#### WHAT THE EXERCISE ASKS:
Copy the data exactly; pictures stay out of the copy.

#### GIVEN DATA:
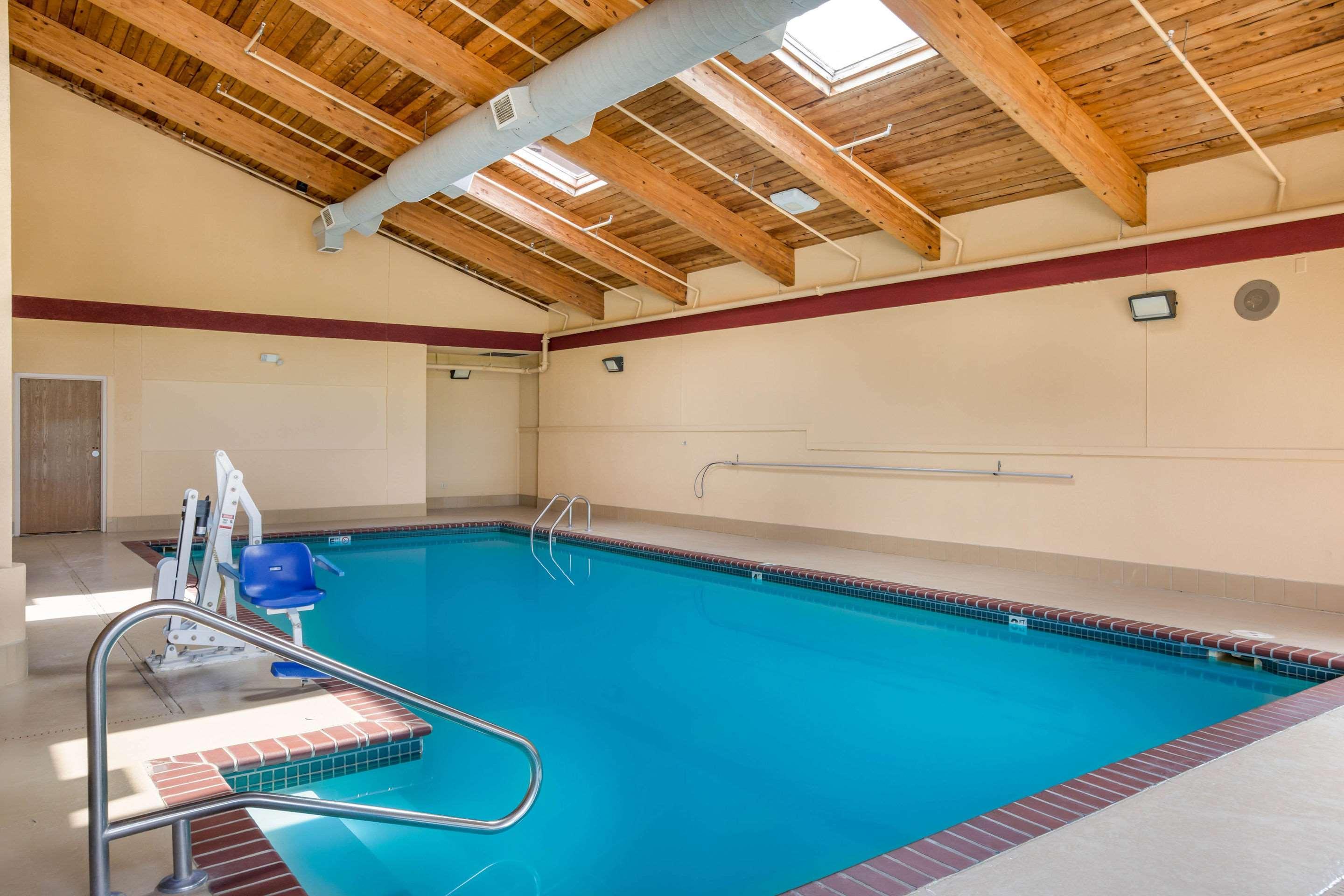 Quality Inn & Suites Lawrence - University Area Екстериор снимка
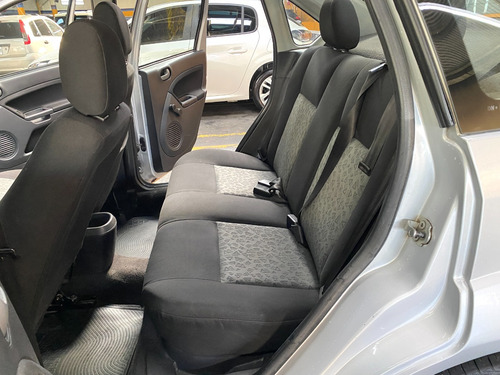 Imagen 16 de 24 de Ford Fiesta Max 1.6l Edge Plus 2013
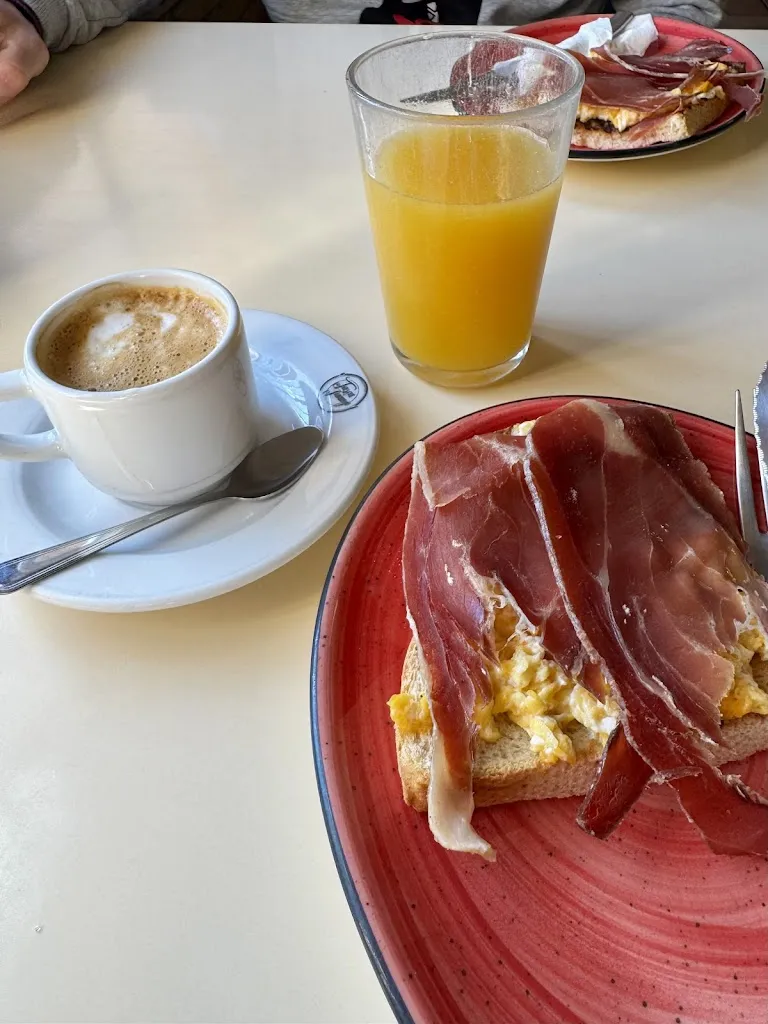 Sara_La tasca de Juanje_Cadrete_review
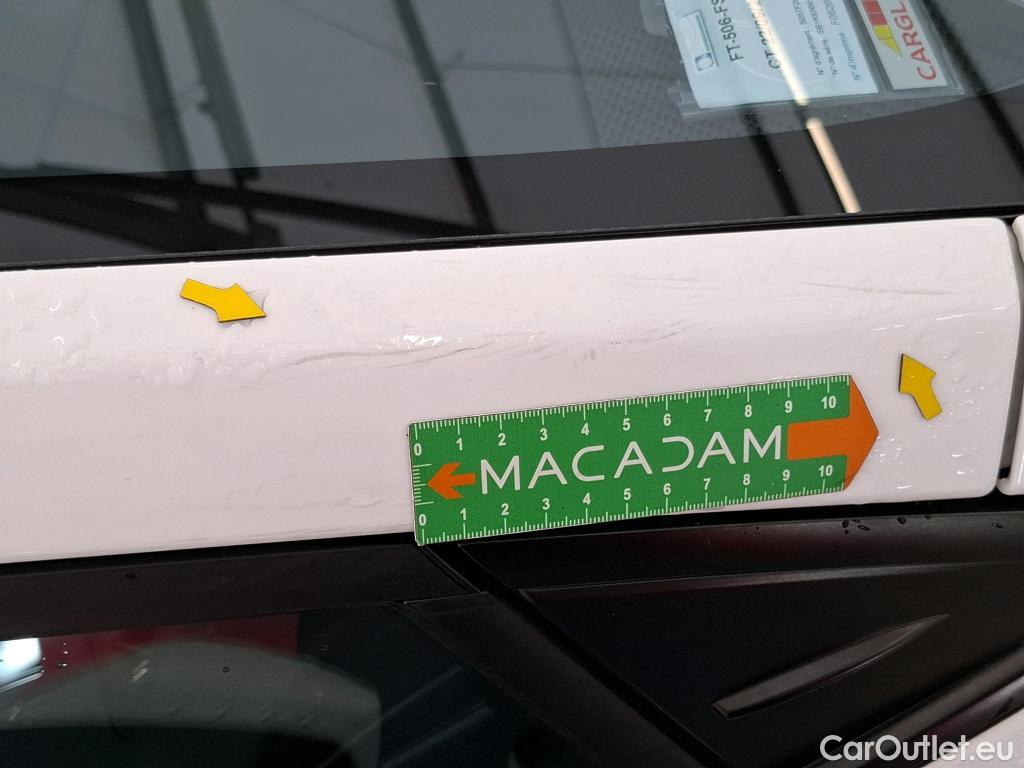  Toyota  Corolla TOYOTA  / 2018 / 5P / Berline Hybride 122h Dynamic Business Supp Lomb #41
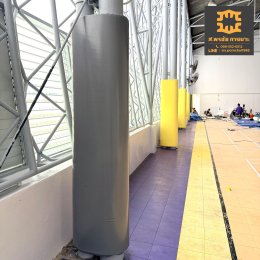 เบาะหุ้มเสากันกระแทก ภายในโรงยิม โรงเรียนนานาชาติ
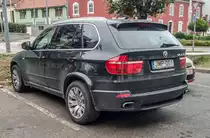 Rückansicht: BMW X5 Mk2. Foto: Oktober, 2021.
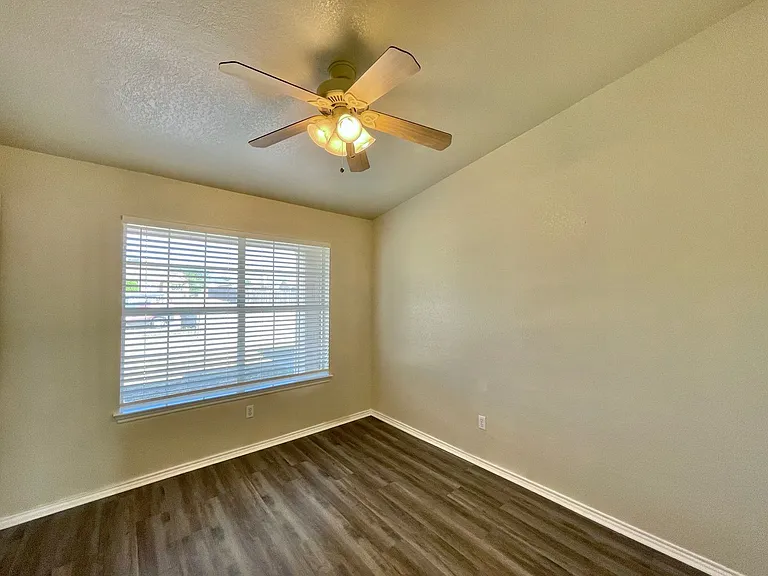 3402 Caprock Cir — Photo 13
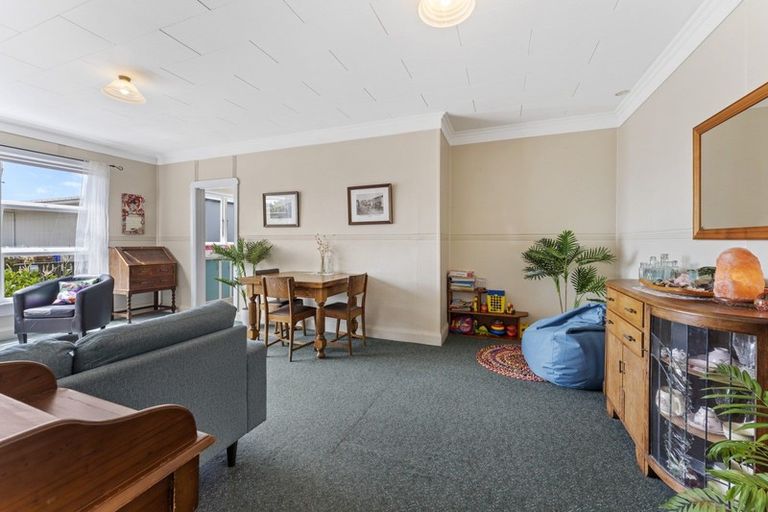 Photo of property in 31 Young Street, New Plymouth, 4310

#### TASK SOLUTION:
 Quality Inn & Suites Lawrence - University Area Екстериор снимка
 Imagen 16 de 24 de Ford Fiesta Max 1.6l Edge Plus 2013
 Sara_La tasca de Juanje_Cadrete_review
  Toyota  Corolla TOYOTA  / 2018 / 5P / Berline Hybride 122h Dynamic Business Supp Lomb #41
 เบาะหุ้มเสากันกระแทก ภายในโรงยิม โรงเรียนนานาชาติ
 Rückansicht: BMW X5 Mk2. Foto: Oktober, 2021.
 3402 Caprock Cir — Photo 13
 Photo of property in 31 Young Street, New Plymouth, 4310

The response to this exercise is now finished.